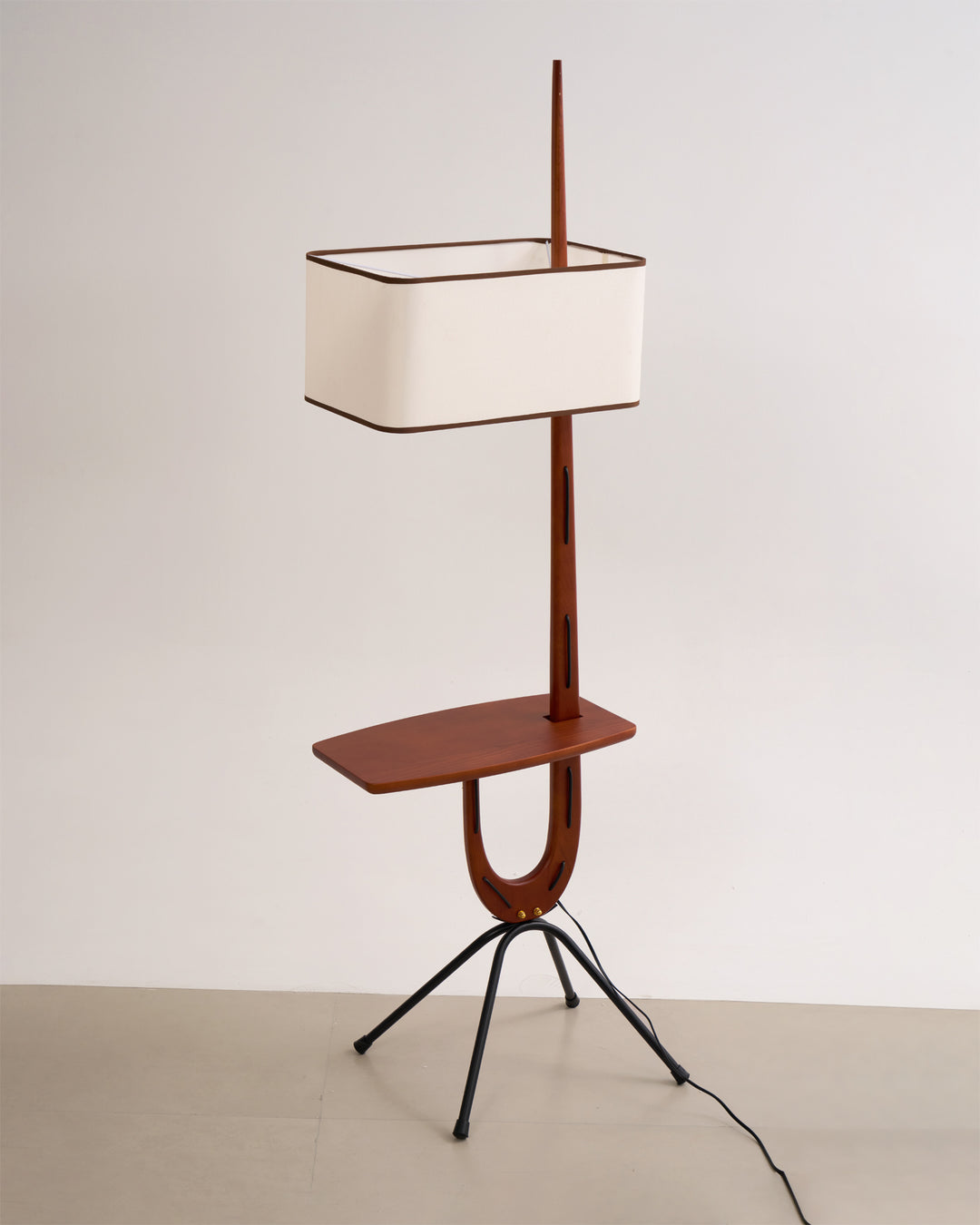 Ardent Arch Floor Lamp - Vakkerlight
--
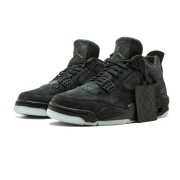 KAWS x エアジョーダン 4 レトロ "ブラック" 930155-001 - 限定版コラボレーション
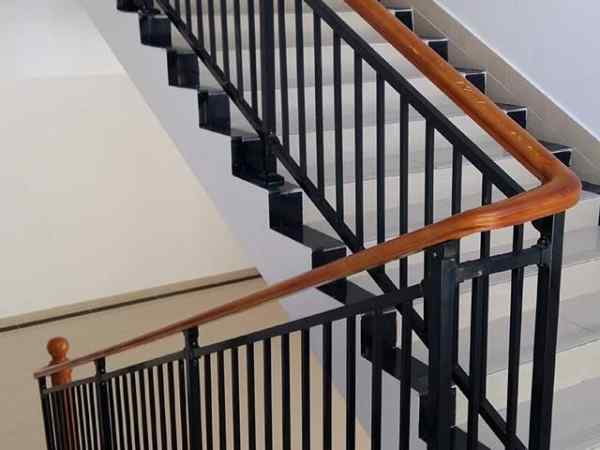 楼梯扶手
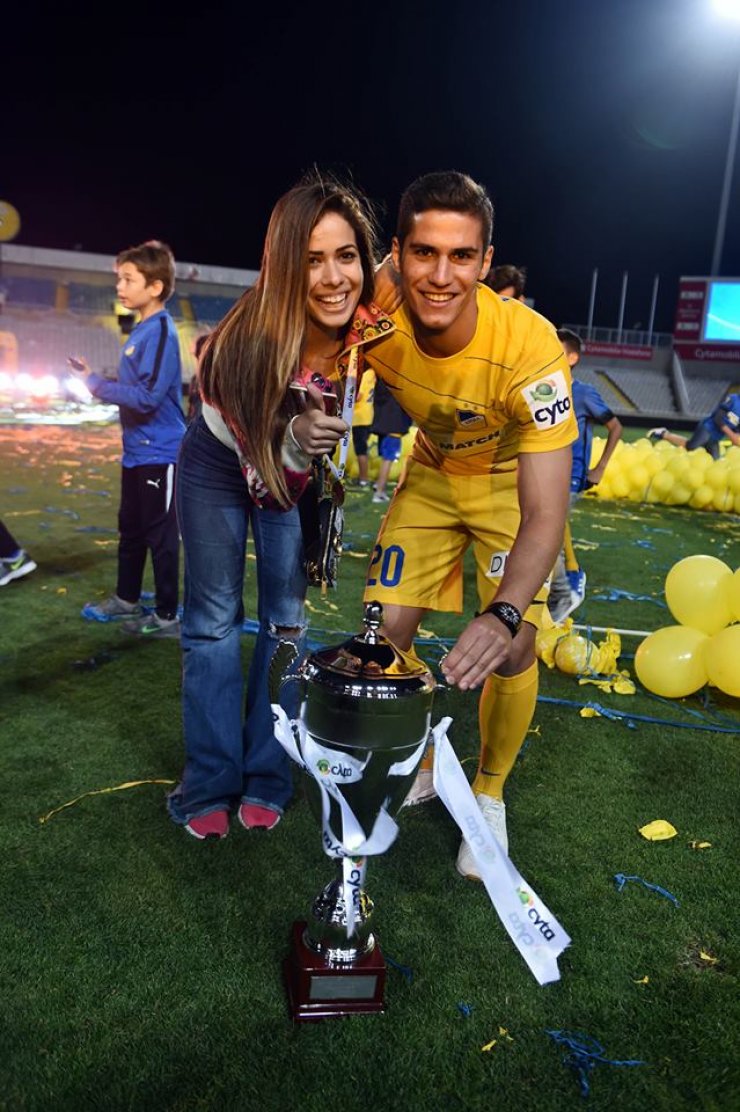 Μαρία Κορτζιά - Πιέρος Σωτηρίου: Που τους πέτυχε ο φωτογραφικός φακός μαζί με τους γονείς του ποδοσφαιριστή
--
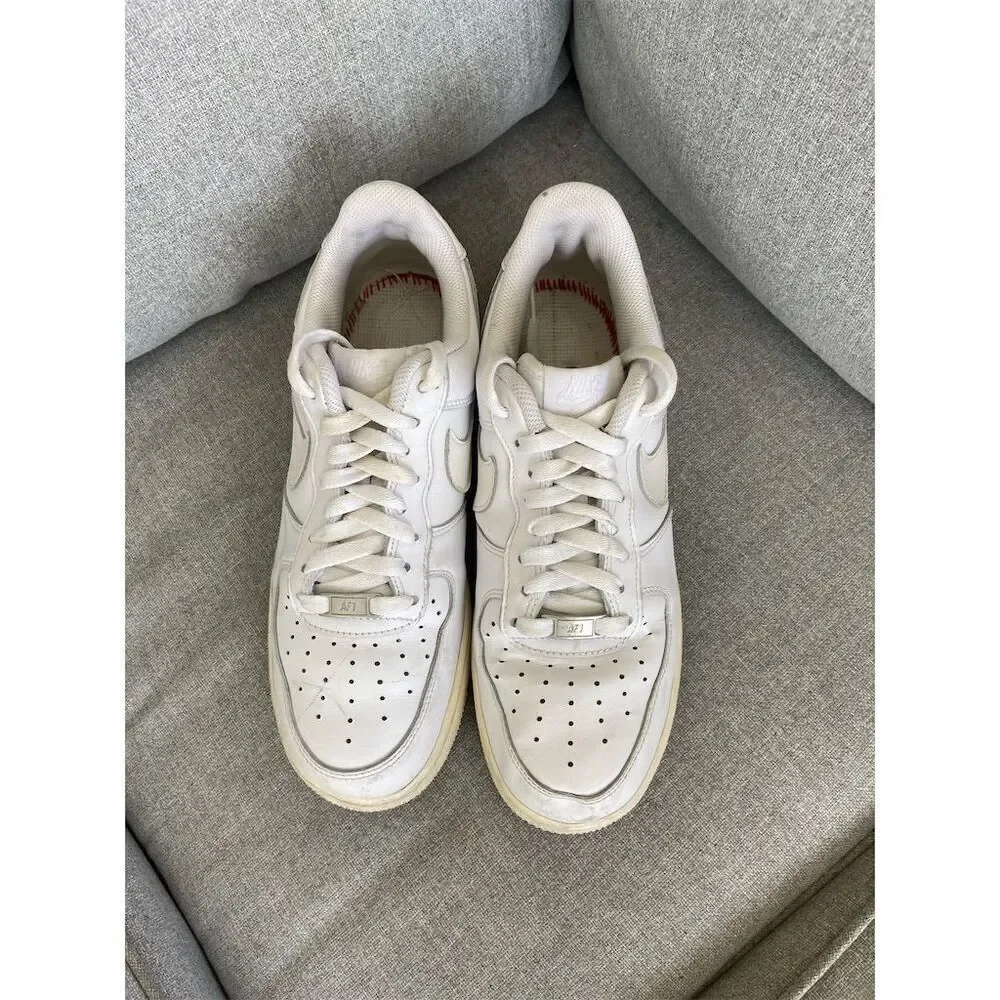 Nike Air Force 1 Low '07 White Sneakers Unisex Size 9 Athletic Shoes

The task | I'd like the lines above repeated exactly, from the one that contains "KAWS x エアジョーダン" through the one that contains "Μαρία Κορτζιά - Πιέρος", with no pictures.

Answer for the task |
 KAWS x エアジョーダン 4 レトロ "ブラック" 930155-001 - 限定版コラボレーション
 楼梯扶手
 Μαρία Κορτζιά - Πιέρος Σωτηρίου: Που τους πέτυχε ο φωτογραφικός φακός μαζί με τους γονείς του ποδοσφαιριστή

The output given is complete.